Fabiola García indicó que estas buenas cifras son el resultado del trabajo de la Xunta en esta materia a la que cada año le dedica más fondos para suplir los incumplimientos del Gobierno central con la Ley de Dependencia. Al respecto, denunció que en el 2025, último ejercicio cerrado, el Ejecutivo de Pedro Sánchez disminuyó su aportación la Galicia dos puntos, pasando del 34 al 32%. Esto supuso 250 millones de euros menos para los dependientes gallegos mientras que acuerda con el País Vasco asumir el 50% de la factura de la dependencia.
En esta línea, la conselleira manifestó que el último anuncio sobre la reforma de la financiación de la dependencia "es papel mojado mientras el Gobierno de España no comience a hacer las cosas bien y apruebe los Presupuestos Generales de Estado". Asimismo, volvió a exigir el pago de la deuda con Galicia en la atención a la dependencia que asciende ya la más de 3.000 millones de euros.
Frente a los incumplimientos del Ejecutivo central, Fabiola García aseguró que la Xunta seguirá destinando más recursos y fondos, señalando que en los presupuestos de 2027 será una prioridad el refuerzo continuado de los servicios públicos esenciales, tal y como avanzó el presidente Alfonso Rueda.
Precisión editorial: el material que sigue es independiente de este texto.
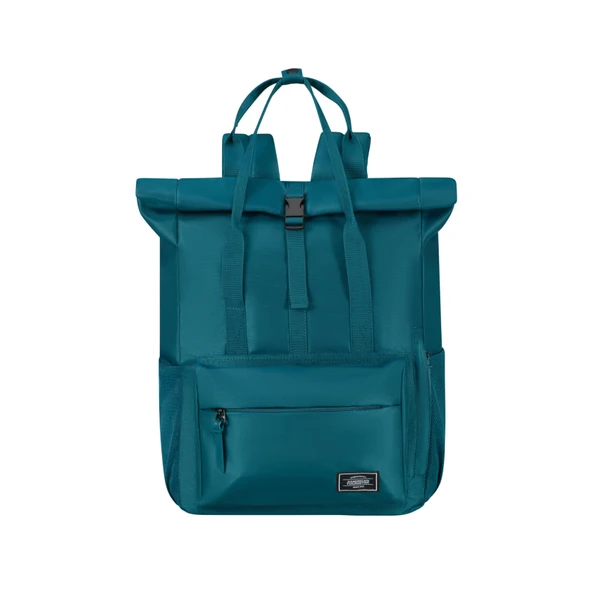 AMERICAN TOURISTER 24G-23-057 15.6 Urban Groove UG25 Tote Notebook Sırt Çantası Okyanus Mavisi ürün görseli 1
Además, la conselleira puso en valor el Plan de choque puesto en marcha por la Xunta en enero del año pasado, gracias al cuál hoy Galicia registra su máximo histórico de personas atendidas con más de 97.400, muy cerca del objetivo de los 100.000 fijado para este año. También destacó la implantación de medidas pioneras como la homologación de la dependencia y de la discapacidad, que el Gobierno central recurrió al Tribunal Constitucional al mismo tiempo que la copia, aunque en menor intensidad y sin beneficios fiscales.